Birinci sorunun yanıtı çok kısa ama CRM eğitiminde anlatılanlardan bahsedersem, neden bu soruyu sorduğum anlaşılır.

Birçok kurum, sadakat programı deyince indirim, taksit, ödeme erteleme, satın alınanın yüzde # kadarını puan olarak kaydetme... gibi cüzdana doğrudan dokunan işler yapar. Ben de sorarım “Eşine, sevgiline, ailene veya arkadaşına sadık olmanı sağlayan unsurlar indirim veya taksit yapması mıdır?Sadakat Programı Tasarımı yazısında yazdığım gibi

Kuaförünüze (berberinize) neden sadıksınız? Daha ucuz veya daha usta onlarca kuaför (berber) varken neden hep aynısına gidiyorsunuz. Ödeme ertelemesi yapmıyor. “2 kere saç kesince, bir kere favori düzeltme bedava” demiyor. Hep aynı berbere gitmenizin nedenini düşünmeden [a] sadakat programı tasarlamayın.”

CRM eğitiminde sadakat programları konusuna geldiğimizde ödev olarak “üzerinde çalıştıkları sektör için rüşvete (indirim, taksit, ödeme erteleme, satın alınanın yüzde # kadarı puan) dayalı olmayan sadakat programı” tasarlamalarını isterim.

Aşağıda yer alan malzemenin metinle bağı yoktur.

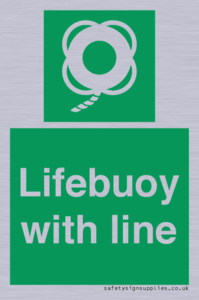 SL5858: Lifebuoy with line
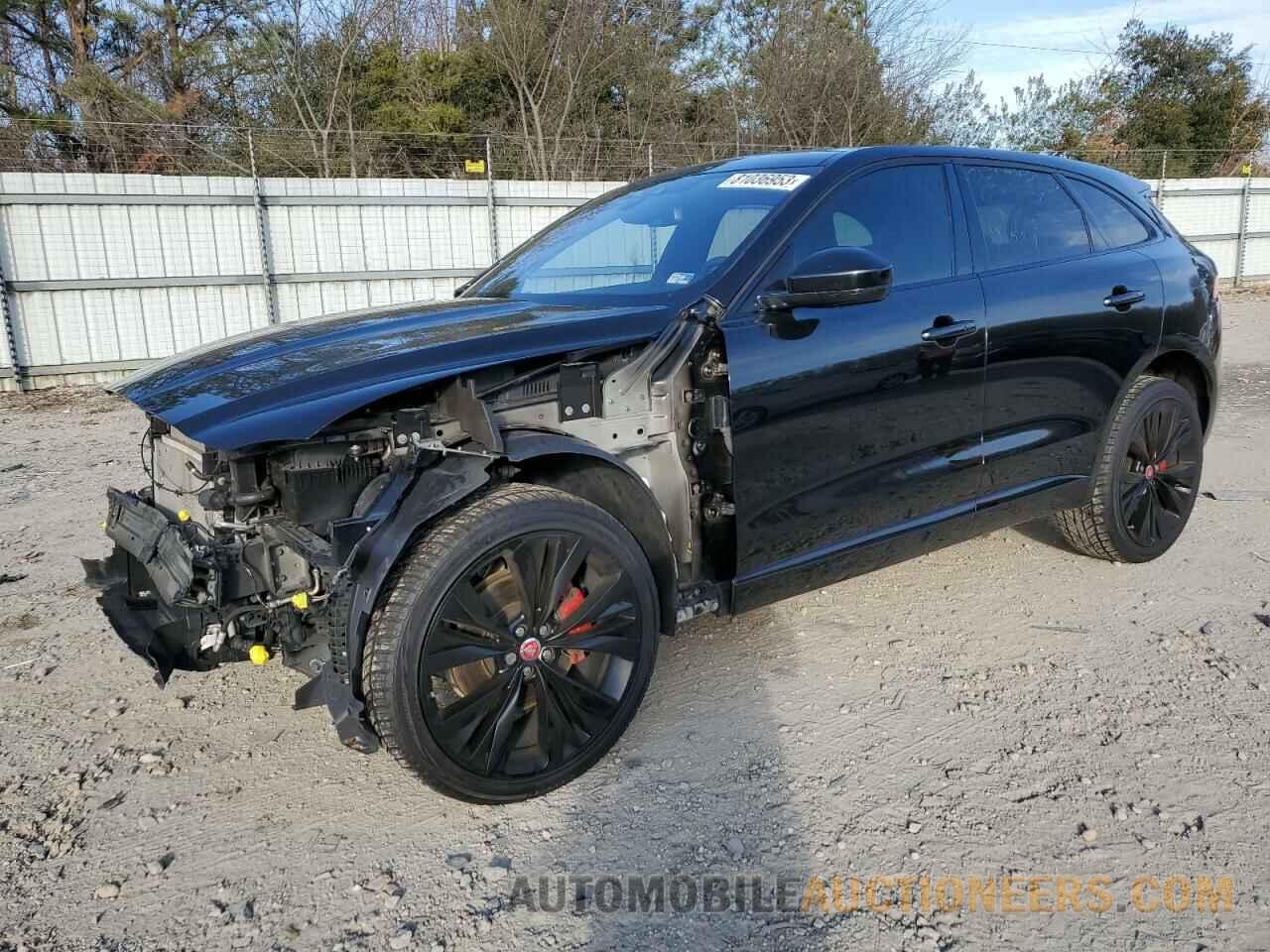 SADCM2BV4HA899669 JAGUAR F-PACE 2017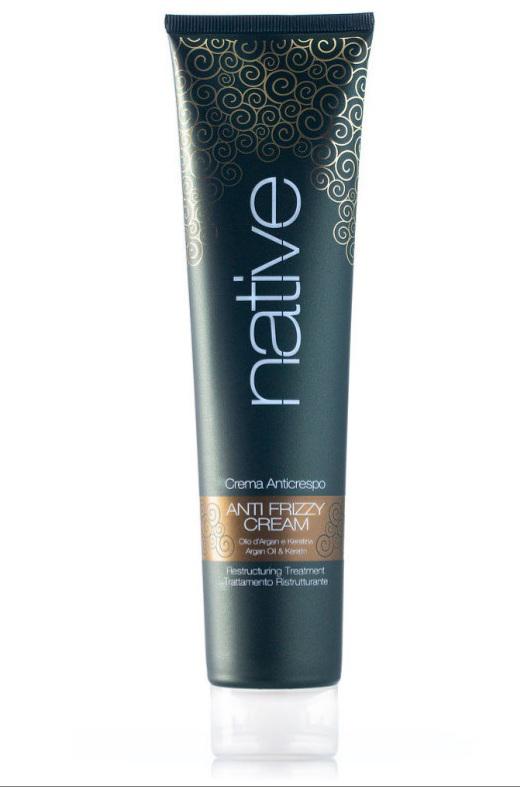 Native - Egyenesítő krém 175ml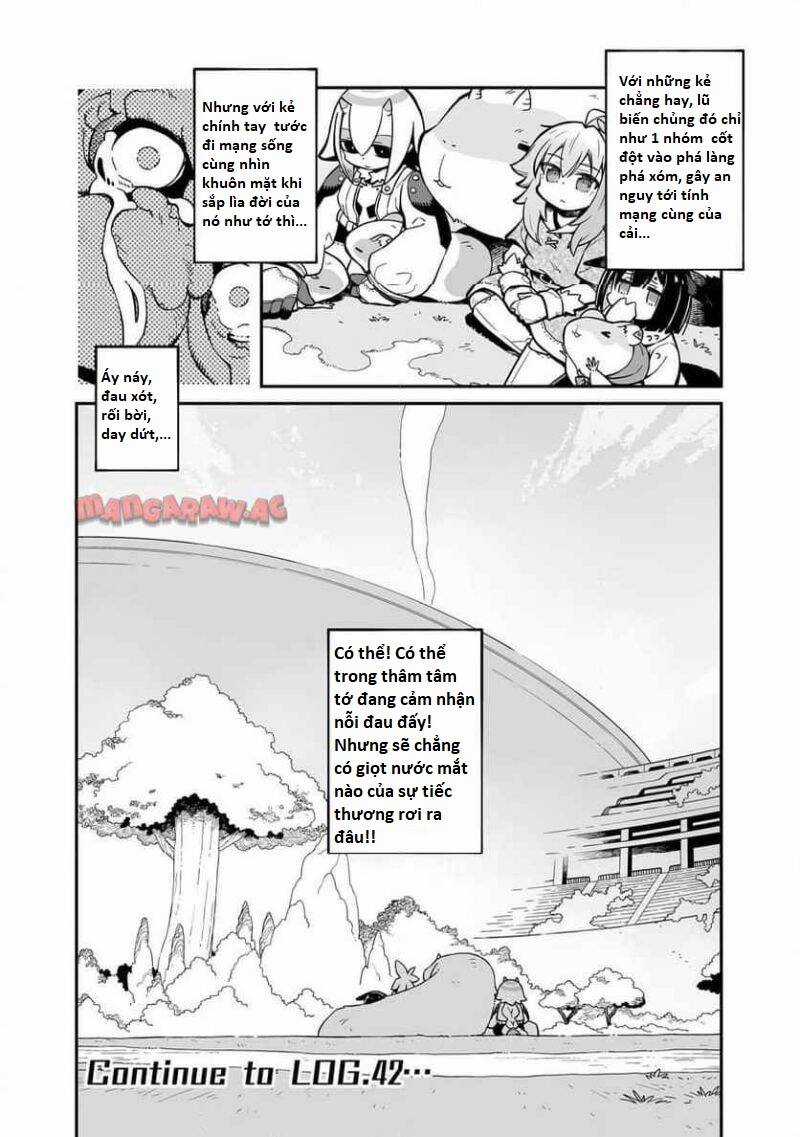 Ngay Cả Khi Hậu Tận Thế, Thật Hạnh Phúc Vẫn Còn Được Sống... Chapter 41.2 trang 10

Elbette kavram şudur: “İnsanlar, marka ve ürüne değil kendi deneyimlerine sadıktır“.

Final sınavına giren arkadaşların bu ödevi hazırladıklarını unutmayalım.

😉

Bu uzuuun girişten sonra birinci sorunun yanıtına gelelim:

Müşterileri, hizmet veya ürünlerimizi ilk kez denemeye ikna etmek için rüşvete dayalı (indirim, taksit, geç ödeme, bonus puan, vb.) teklifler yapılabilir. Bu rüşvete dayalı teklifler ile, rüşvete dayalı olmayan sadakat programlarının birlikte nasıl kullanılması gerektiğini yazınız.

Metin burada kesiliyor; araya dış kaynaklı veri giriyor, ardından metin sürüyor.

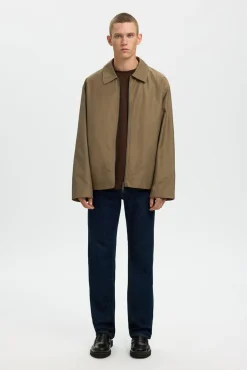 Chaqueta ligera cremallera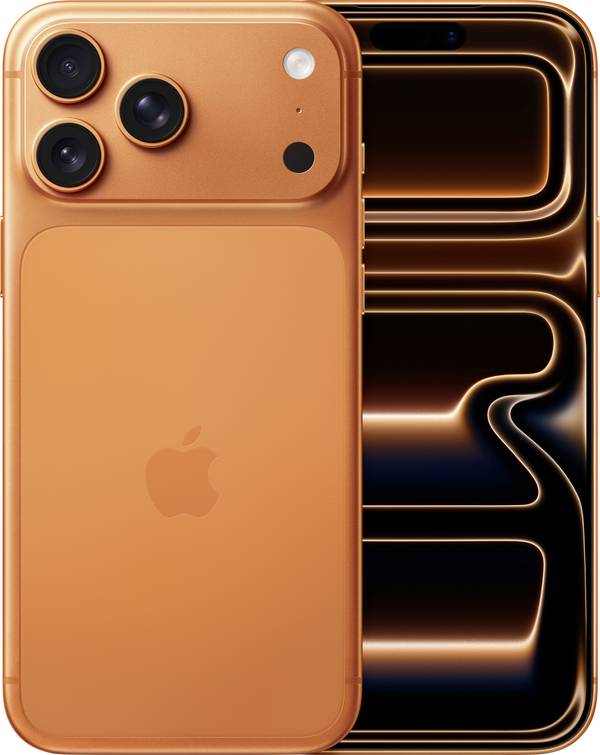 Apple iPhone 17 Pro Max Cosmic Orange 1 TB EEK A (A - G) 17.5 cm (6.9 Zoll)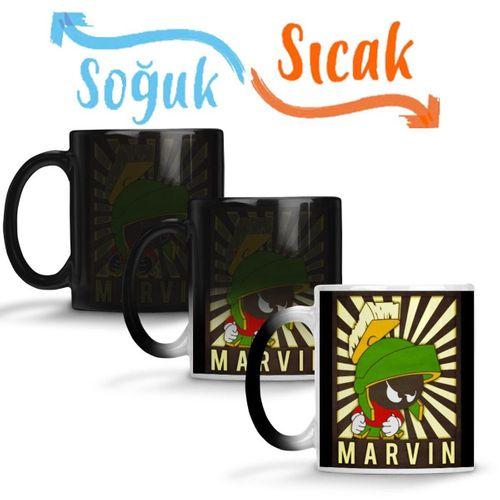 Martian Marvin Sihirli Kupa Bardak Porselen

Başka bir markanın müşterisinin dikkatini çekmek ve bizim markamızı denemeye özendirmek için rüşvete (indirim, taksit, geç ödeme, puan) dayalı bir teklif sunabiliriz. Böylece bizi dikkate almasını ve denemesini sağlarız. Müşterilerimizin bizi denedikten sonra kalıcı olmasını [bir başkası daha fazla indirim veya puan verdiğinde hemen gitmemesini] sağlamak istiyorsak, bu teklifleri sunmadan önce, gelen müşterileri elimizde tutmak ve başkasına kanmamasını sağlamak için ne yapılması gerektiğini kararlaştırmalıyız. Aksi takdirde indirim, taksit, puan yarışına gireriz ki, markalar rüşvete dayalı teklif yarışına girdiklerinde zarar etmeleri kaçınılmaz.

Müşterinin kalıcı olmasını sağlamak ancak daha iyi bir deneyim sunarak yapılır. Arada başkası aklını çelmesin diye, yine bazı rüşvetler verilebilir ama müşterinin kalıcı olmasını sağlayan sadece iyi bir deneyimdir. 

Bazı arkadaşlarımız, konuyla ilgisi olmayan

  • değer segmentasyonu [1] , [2] , [3] , [4]
  • müşterinin tanımı [4] , [5]
  • müşteri odaklı veri altyapısı [6] , [7]
  • veriyi anlamlandırma [8]

gibi konulara girmişler.

Bazıları konumuzla biraz ilgili olan “sadakat nedeni = terk nedeni” veya yaşam boyu değeri [x] , [y] , [z] konularından bahsetmişler ama “elde tutmak için deneyim tasarlamak” yazılmamışsa yanıtı geçerli sayamadım.

🙁

Yazı çok uzadı. İkinci sorunun yanıtını yarın konuşalım.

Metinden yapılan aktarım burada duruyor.